Antes de seu ponderado divórcio, da sua marca de bem-estar Goop e da sua filha chamada Apple – sem falar da agitação do público sobre uma ação judicial que, é claro, tinha que envolver o mais privilegiado dos acidentes entre pessoas ricas, uma colisão de esqui –, Gwyneth Paltrow era apenas uma estrela de cinema.
Houve uma época em que Paltrow era simplesmente a ganhadora do Oscar de melhor atriz pelo filme Shakespeare Apaixonado (1998). Interpretando personagens como a heroína de Emma (1996), uma adaptação da obra de Jane Austen, e a italiana Marge, em O Talentoso Ripley (1999), a loira esguia bem sucedida dos anos 1990 cultivou uma imagem, na tela e fora dela, como uma pessoa carismática e charmosa.
Mas, agora, em 2023, Paltrow sofreu uma transformação que a levou muito além da curiosa denominação de simples "estrela do cinema". Em março, ela foi também uma estrela do seu próprio miniteatro do absurdo das celebridades, com um julgamento que causou sensação entre o público e foi ansiosamente acompanhado.

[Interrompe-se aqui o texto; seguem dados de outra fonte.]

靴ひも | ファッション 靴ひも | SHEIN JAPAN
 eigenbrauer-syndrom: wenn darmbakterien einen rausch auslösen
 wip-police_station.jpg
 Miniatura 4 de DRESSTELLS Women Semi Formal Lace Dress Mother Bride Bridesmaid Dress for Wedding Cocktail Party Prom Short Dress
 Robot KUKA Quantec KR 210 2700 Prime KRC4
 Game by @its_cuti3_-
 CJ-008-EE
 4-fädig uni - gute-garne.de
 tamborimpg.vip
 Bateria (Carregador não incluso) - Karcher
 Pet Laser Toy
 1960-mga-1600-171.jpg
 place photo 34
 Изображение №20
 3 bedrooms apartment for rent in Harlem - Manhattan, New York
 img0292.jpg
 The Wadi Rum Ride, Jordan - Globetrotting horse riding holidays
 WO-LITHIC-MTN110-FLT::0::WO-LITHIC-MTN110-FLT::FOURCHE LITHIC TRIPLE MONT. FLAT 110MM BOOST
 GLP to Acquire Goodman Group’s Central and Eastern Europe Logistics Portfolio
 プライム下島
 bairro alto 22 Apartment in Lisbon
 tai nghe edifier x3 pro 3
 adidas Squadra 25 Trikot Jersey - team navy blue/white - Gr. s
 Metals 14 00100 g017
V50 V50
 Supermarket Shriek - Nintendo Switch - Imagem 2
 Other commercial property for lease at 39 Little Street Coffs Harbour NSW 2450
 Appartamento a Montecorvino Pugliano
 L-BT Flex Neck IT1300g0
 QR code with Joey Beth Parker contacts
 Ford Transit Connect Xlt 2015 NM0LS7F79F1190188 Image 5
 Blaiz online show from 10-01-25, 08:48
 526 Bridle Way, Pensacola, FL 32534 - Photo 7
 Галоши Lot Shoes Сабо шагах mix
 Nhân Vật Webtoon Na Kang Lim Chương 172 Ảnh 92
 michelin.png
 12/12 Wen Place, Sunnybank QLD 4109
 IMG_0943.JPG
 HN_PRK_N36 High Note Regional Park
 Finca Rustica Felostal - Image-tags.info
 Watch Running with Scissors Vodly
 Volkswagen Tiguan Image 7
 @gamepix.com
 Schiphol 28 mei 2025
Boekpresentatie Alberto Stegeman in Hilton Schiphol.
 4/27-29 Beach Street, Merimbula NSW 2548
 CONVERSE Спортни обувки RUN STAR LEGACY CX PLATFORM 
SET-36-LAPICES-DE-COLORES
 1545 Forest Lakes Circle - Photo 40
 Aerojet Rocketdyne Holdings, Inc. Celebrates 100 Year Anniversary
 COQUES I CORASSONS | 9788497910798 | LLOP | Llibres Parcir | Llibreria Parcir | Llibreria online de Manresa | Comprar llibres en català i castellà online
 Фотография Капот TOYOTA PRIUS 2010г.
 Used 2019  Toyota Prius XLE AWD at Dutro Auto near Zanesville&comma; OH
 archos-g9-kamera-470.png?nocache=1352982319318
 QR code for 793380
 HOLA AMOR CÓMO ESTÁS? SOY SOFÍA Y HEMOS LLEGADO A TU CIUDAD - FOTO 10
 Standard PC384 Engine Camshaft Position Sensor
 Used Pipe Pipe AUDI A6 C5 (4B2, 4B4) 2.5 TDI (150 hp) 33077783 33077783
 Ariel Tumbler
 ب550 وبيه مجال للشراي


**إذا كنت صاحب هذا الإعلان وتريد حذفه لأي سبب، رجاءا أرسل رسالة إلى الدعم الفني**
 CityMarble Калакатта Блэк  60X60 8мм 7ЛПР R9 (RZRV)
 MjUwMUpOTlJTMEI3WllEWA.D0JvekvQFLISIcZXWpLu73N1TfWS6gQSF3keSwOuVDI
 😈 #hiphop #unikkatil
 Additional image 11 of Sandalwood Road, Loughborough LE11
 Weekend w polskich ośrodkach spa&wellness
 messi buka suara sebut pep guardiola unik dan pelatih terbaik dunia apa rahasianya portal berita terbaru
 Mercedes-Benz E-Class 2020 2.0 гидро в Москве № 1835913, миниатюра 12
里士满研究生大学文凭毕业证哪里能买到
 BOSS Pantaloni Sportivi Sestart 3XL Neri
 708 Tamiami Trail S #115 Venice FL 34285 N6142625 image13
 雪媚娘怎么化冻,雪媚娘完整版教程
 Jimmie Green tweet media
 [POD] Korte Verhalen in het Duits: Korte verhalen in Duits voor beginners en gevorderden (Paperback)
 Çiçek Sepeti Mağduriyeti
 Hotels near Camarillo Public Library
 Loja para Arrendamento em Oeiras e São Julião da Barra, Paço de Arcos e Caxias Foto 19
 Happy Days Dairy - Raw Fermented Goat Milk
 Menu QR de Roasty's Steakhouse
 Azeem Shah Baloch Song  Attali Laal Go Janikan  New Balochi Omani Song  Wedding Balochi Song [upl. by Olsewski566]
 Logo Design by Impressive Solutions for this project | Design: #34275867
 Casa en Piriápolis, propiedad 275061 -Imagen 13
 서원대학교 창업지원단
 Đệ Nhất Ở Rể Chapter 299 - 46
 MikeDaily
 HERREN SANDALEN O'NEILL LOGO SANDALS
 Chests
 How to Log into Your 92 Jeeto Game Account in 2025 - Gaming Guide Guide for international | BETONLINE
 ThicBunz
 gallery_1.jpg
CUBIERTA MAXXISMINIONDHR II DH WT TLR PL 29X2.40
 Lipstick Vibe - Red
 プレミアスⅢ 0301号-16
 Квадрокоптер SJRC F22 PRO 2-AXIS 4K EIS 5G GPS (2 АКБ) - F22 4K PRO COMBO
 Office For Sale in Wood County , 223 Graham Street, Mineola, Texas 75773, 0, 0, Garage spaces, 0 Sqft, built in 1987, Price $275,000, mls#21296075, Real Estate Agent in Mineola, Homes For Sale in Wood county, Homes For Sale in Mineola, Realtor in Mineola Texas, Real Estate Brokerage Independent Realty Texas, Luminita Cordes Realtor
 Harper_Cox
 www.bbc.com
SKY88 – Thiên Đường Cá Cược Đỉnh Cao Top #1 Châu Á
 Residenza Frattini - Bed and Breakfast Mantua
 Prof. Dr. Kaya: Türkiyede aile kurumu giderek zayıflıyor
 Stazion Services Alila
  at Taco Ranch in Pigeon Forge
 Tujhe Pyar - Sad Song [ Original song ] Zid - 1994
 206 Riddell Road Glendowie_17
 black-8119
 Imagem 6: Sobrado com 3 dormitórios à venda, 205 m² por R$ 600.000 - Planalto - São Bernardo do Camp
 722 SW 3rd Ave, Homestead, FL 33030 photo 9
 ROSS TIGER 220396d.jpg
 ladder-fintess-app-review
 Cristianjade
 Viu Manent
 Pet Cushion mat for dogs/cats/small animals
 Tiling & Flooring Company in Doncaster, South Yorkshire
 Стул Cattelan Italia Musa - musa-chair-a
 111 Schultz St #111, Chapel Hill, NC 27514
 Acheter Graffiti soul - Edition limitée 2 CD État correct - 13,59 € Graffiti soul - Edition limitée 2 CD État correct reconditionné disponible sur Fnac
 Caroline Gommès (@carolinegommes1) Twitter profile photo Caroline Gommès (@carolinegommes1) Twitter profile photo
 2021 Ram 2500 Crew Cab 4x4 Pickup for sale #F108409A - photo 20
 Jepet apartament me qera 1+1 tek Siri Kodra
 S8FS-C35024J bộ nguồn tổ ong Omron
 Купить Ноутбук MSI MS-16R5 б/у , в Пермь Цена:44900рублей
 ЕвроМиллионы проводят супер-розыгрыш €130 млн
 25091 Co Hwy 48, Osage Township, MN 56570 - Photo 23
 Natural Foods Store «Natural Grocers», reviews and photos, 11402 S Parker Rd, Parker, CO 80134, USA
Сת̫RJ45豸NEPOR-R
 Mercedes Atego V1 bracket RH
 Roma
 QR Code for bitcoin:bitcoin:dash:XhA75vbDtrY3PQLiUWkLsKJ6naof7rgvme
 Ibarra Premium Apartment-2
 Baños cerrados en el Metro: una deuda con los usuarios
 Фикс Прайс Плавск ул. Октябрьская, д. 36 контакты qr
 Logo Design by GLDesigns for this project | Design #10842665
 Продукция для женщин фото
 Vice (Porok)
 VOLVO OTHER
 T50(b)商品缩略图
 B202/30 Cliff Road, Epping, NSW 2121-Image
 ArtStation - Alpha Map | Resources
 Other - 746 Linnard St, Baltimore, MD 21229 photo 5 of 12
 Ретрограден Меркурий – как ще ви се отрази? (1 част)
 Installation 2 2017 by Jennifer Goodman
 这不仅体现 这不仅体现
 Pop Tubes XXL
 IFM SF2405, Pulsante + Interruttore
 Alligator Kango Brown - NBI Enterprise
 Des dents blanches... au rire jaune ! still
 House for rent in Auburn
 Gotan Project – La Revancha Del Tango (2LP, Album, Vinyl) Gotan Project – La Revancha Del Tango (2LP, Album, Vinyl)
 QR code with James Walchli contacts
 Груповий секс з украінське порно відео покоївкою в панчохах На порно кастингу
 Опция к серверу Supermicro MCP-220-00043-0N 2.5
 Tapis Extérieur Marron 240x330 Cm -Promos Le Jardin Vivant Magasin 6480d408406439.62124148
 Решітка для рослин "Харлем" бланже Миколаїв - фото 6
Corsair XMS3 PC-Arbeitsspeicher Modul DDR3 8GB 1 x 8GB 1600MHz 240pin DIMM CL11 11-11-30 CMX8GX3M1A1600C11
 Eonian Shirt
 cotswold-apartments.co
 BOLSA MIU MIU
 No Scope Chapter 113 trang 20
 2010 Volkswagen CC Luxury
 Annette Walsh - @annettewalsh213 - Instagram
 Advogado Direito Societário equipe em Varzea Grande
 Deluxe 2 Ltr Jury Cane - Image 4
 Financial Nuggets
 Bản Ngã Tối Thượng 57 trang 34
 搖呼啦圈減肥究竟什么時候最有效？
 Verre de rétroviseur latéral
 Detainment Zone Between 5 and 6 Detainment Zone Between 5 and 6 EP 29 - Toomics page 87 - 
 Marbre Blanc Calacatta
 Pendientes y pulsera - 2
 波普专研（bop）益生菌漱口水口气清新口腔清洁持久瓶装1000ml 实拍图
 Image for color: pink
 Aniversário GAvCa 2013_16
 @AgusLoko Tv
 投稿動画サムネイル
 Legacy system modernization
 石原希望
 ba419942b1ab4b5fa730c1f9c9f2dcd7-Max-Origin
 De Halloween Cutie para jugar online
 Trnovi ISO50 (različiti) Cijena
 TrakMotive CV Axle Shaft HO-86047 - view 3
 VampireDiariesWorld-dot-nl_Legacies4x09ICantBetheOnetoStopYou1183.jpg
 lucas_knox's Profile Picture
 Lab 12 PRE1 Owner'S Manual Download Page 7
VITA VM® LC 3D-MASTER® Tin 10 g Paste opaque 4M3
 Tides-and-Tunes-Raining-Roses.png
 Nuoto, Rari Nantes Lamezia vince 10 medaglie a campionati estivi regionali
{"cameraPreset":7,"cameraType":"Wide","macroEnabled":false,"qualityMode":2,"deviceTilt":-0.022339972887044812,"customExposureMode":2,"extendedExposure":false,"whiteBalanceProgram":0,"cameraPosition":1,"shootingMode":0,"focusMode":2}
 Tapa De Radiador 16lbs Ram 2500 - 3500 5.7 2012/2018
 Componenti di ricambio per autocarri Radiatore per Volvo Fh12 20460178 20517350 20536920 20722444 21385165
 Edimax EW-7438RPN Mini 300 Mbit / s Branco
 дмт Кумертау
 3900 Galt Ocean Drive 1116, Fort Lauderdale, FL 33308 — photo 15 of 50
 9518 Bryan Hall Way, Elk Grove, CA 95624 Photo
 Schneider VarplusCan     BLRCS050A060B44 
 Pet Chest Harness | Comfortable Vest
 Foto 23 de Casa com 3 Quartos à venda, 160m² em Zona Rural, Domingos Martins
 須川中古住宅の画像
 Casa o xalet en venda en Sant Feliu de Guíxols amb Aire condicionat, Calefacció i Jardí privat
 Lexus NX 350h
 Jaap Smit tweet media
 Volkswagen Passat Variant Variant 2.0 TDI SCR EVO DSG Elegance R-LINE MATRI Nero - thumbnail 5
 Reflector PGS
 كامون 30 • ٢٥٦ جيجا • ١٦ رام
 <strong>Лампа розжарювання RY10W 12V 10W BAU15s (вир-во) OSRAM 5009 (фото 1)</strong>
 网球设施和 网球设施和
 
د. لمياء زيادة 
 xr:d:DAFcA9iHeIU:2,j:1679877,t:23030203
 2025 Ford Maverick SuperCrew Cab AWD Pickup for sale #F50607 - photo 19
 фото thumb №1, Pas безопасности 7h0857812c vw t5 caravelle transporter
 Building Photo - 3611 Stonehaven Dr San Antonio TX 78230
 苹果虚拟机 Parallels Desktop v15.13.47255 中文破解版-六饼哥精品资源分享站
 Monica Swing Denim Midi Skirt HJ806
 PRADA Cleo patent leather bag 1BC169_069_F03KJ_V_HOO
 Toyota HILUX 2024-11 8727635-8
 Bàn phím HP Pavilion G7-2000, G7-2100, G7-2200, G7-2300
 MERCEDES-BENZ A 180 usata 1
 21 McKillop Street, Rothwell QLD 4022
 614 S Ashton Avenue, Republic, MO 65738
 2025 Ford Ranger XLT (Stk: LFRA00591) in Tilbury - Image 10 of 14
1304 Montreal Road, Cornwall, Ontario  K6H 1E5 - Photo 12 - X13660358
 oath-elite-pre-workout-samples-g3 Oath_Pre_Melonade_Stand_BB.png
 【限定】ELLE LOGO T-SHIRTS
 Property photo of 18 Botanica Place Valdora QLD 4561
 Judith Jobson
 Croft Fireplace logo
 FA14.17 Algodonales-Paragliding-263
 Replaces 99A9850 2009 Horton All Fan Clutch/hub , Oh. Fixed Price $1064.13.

A ação proposta pelo optometrista aposentado Terry Sanderson enfrentou outra ação, apresentada pela própria atriz.
Sanderson acusou Paltrow de negligência em um resort de esqui de luxo em Utah, nos Estados Unidos, em 2016. Ela teria se chocado contra ele, deixando-o inconsciente e com sérios problemas neurológicos.
Sanderson processou a estrela pedindo US$ 300 mil (cerca de R$ 1,5 milhão), enquanto a ação de Paltrow pedia US$ 1 (cerca de R$ 5), alegando que, na verdade, foi ele quem colidiu com ela.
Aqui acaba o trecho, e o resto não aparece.